SYDNEY, AUSTRALIA — Archer Daniels Midland Company (ADM) announced on April 25 that it has signed a takeover bid implementation deed with GrainCorp Limited and begun due diligence on GrainCorp.
Subject to the satisfactory completion of this due diligence, ADM has agreed to make a cash offer, which would be unanimously recommended by the GrainCorp board.
If the ADM offer proceeds, and is successfully completed, shareholders will receive A$13.20 per share, comprising a cash payment of A$12.20 per share under the ADM offer and dividends totaling A$1. The dividends are expected to be fully franked, providing up to an additional A43¢ per share for those shareholders who can capture the full benefit from franking on the GrainCorp dividends.
GrainCorp previously rejected two bids from ADM, the first an offer of A$11.75 per share made in October 2012 and the second for A$12.20 per share made in December 2012. GrainCorp rejected both offers saying they materially undervalued the company.
In the event regulatory approvals are not achieved by Oct. 1, an additional fully franked dividend of A3.5¢ cents per share will be payable for each full month for the period between Oct. 1 and the date the regulatory conditions have been satisfied or waived, subject to GrainCorp being profitable over that relevant period.
Shareholders have also received a fully franked dividend of A35¢ per share since ADM’s initial approach was first announced on Oct. 22, 2012.

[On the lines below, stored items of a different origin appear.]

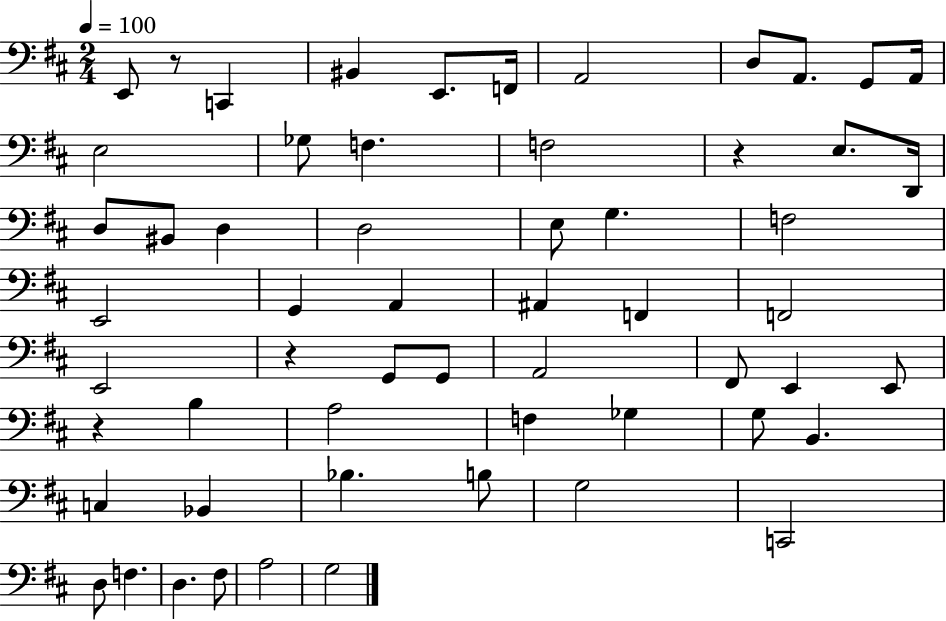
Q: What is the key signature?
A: D major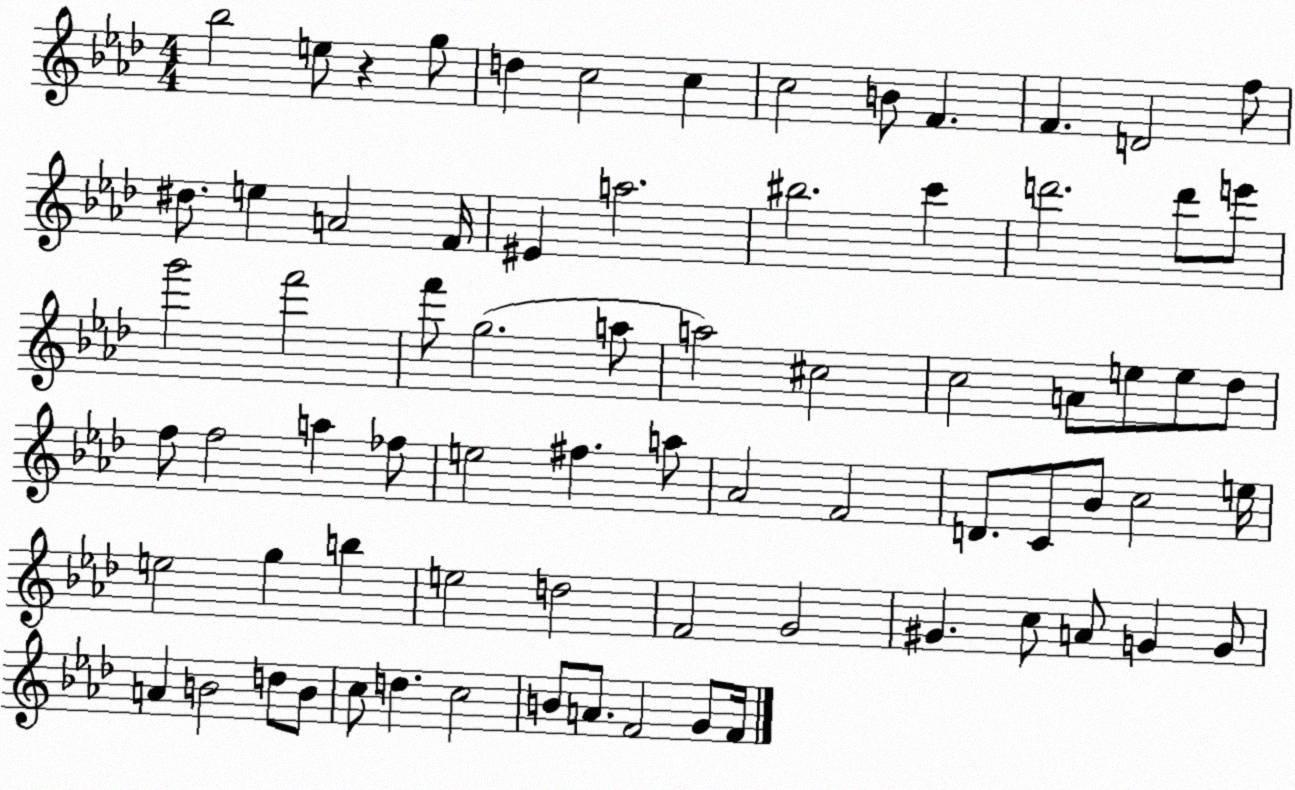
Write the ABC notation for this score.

X:1
T:Untitled
M:4/4
L:1/4
K:Ab
_b2 e/2 z g/2 d c2 c c2 B/2 F F D2 f/2 ^d/2 e A2 F/4 ^E a2 ^b2 c' d'2 d'/2 e'/2 g'2 f'2 f'/2 g2 a/2 a2 ^c2 c2 A/2 e/2 e/2 _d/2 f/2 f2 a _f/2 e2 ^f a/2 _A2 F2 D/2 C/2 _B/2 c2 e/4 e2 g b e2 d2 F2 G2 ^G c/2 A/2 G G/2 A B2 d/2 B/2 c/2 d c2 B/2 A/2 F2 G/2 F/4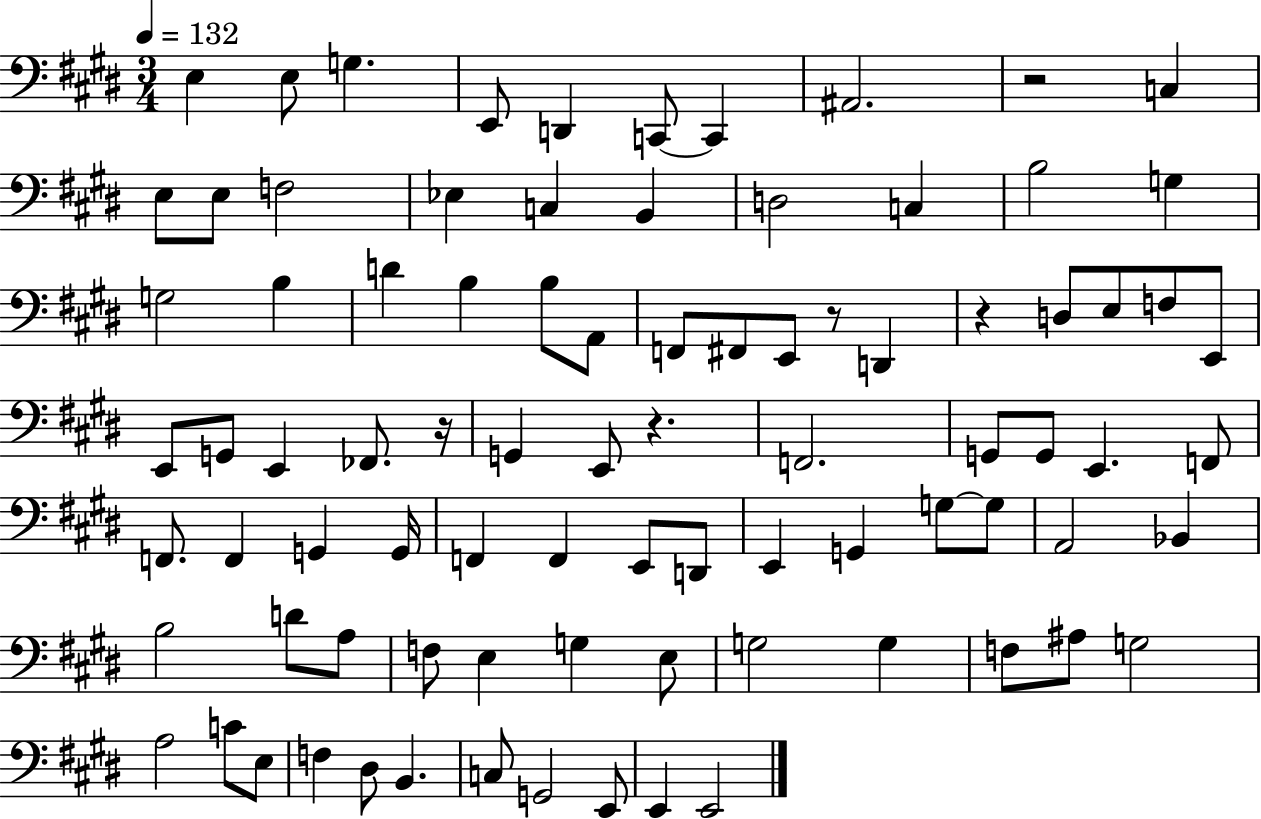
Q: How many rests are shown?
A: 5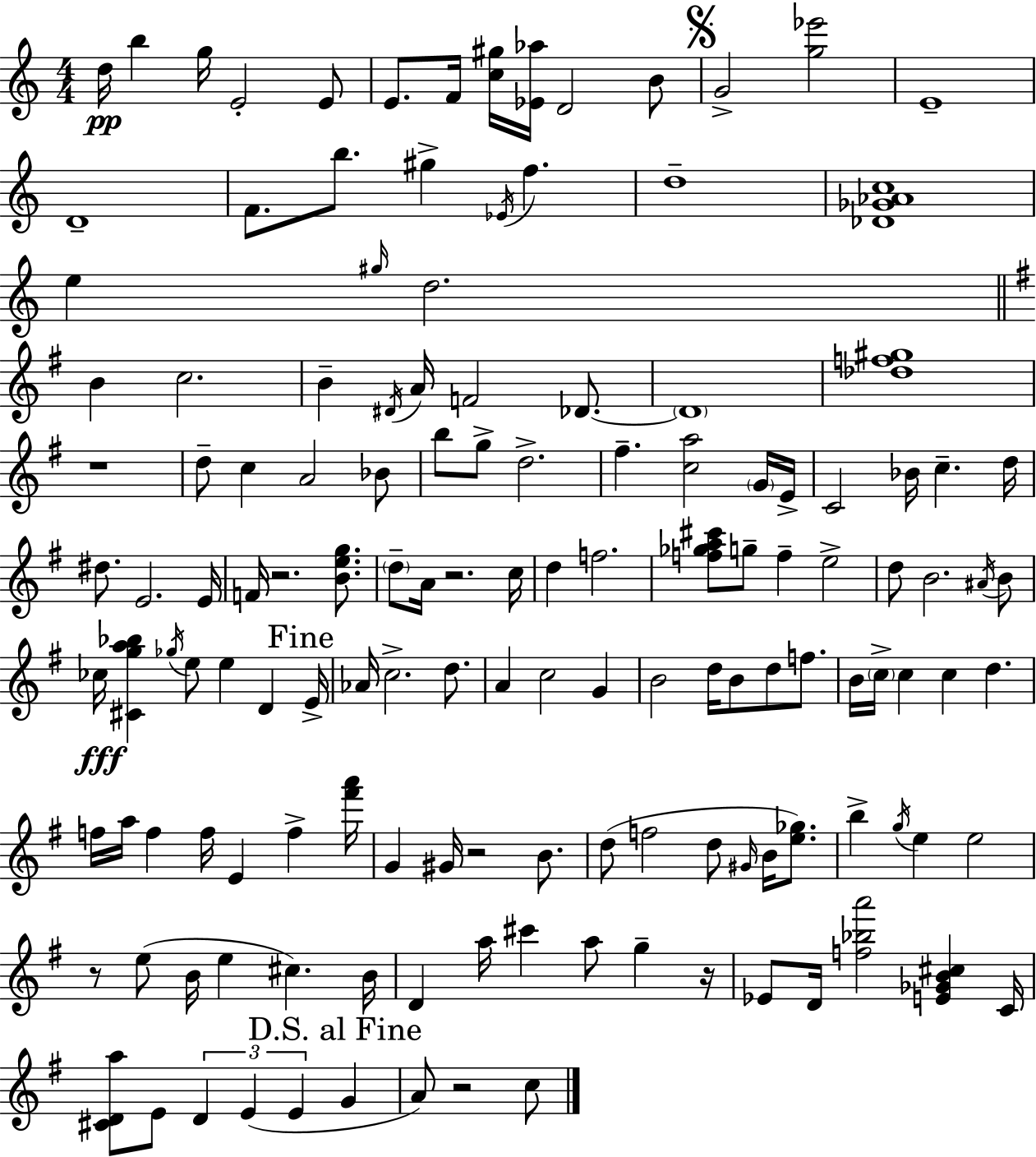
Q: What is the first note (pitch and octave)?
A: D5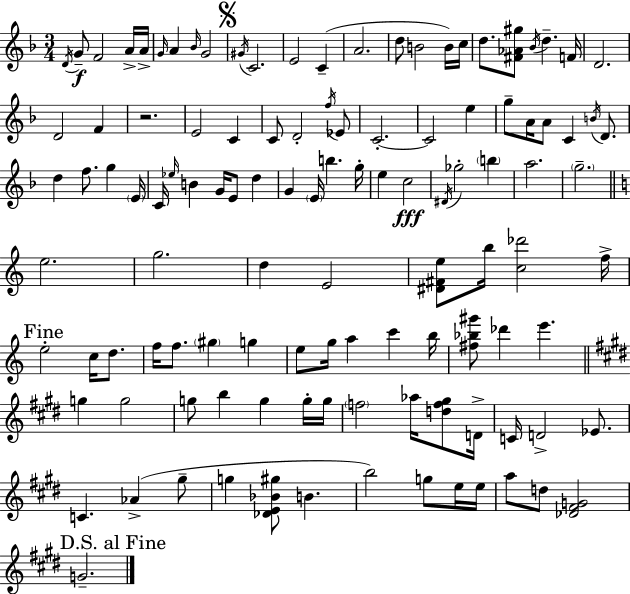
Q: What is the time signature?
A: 3/4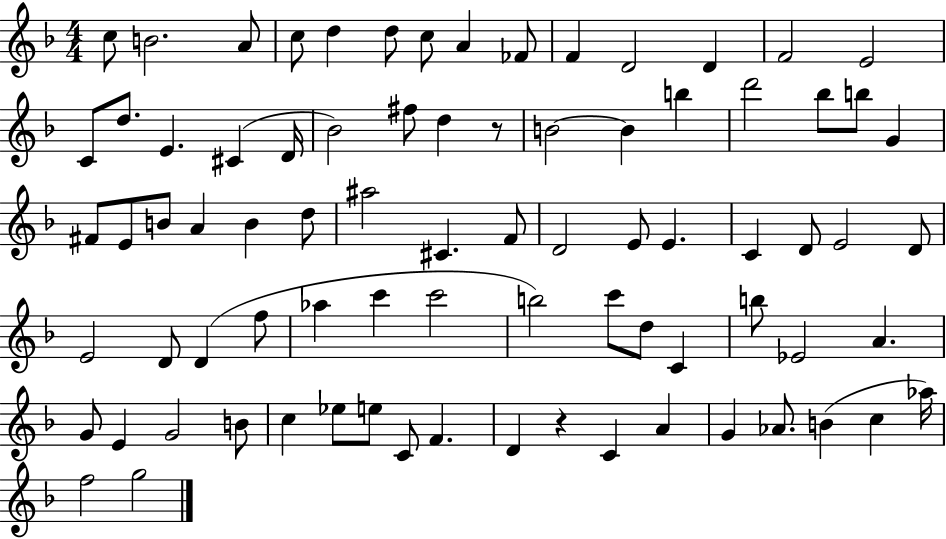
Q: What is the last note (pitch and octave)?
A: G5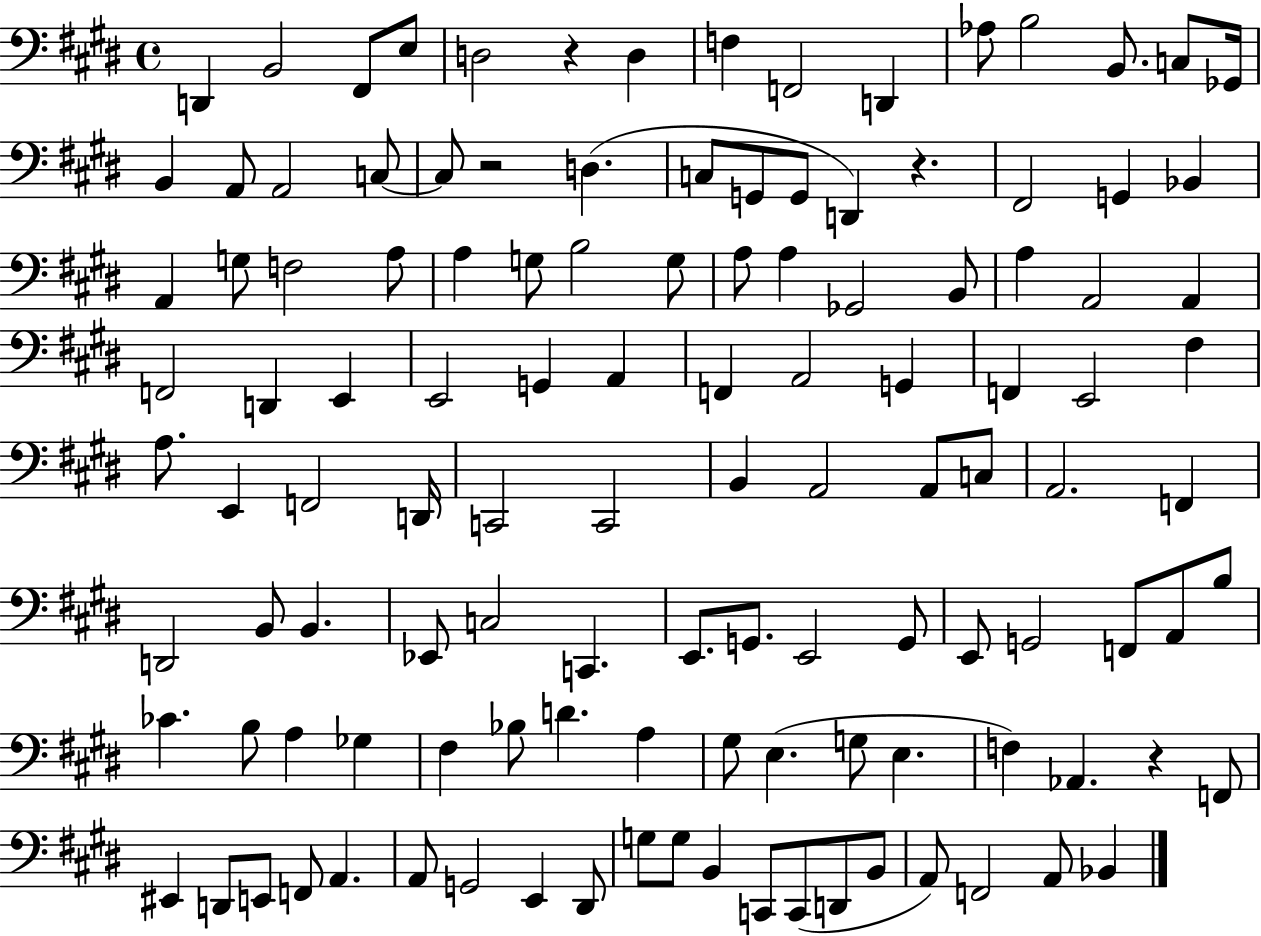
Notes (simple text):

D2/q B2/h F#2/e E3/e D3/h R/q D3/q F3/q F2/h D2/q Ab3/e B3/h B2/e. C3/e Gb2/s B2/q A2/e A2/h C3/e C3/e R/h D3/q. C3/e G2/e G2/e D2/q R/q. F#2/h G2/q Bb2/q A2/q G3/e F3/h A3/e A3/q G3/e B3/h G3/e A3/e A3/q Gb2/h B2/e A3/q A2/h A2/q F2/h D2/q E2/q E2/h G2/q A2/q F2/q A2/h G2/q F2/q E2/h F#3/q A3/e. E2/q F2/h D2/s C2/h C2/h B2/q A2/h A2/e C3/e A2/h. F2/q D2/h B2/e B2/q. Eb2/e C3/h C2/q. E2/e. G2/e. E2/h G2/e E2/e G2/h F2/e A2/e B3/e CES4/q. B3/e A3/q Gb3/q F#3/q Bb3/e D4/q. A3/q G#3/e E3/q. G3/e E3/q. F3/q Ab2/q. R/q F2/e EIS2/q D2/e E2/e F2/e A2/q. A2/e G2/h E2/q D#2/e G3/e G3/e B2/q C2/e C2/e D2/e B2/e A2/e F2/h A2/e Bb2/q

“We are pleased to have reached agreement with GrainCorp to conduct due diligence and, subject to that due diligence, put a recommended offer before GrainCorp’s shareholders,” said ADM Chairman and Chief Executive Officer (CEO) Patricia Woertz. “We anticipate that the offer will be cash accretive in the first full year and will meet our key financial objectives.
“GrainCorp is a leader in the Australian agribusiness sector. Should the offer proceed, the addition of GrainCorp to our global network would fit our strategy and help to further connect Australia’s growers with growing global demand for crops and food, particularly in Asia and the Middle East. ADM and GrainCorp have complementary geographies with little overlap and highly compatible cultures. We look forward to working with the GrainCorp team and Australian growers to build on their history of success.”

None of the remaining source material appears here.